======== Data excerpt ========

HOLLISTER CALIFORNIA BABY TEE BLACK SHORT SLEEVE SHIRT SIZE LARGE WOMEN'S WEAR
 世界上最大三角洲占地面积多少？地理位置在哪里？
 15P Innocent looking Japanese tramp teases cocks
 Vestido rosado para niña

========

Task to carry out: Reproduce the listing above exactly from the line containing "15P Innocent looking" through its last line, with both of those lines included.

Written reply:
 15P Innocent looking Japanese tramp teases cocks
 Vestido rosado para niña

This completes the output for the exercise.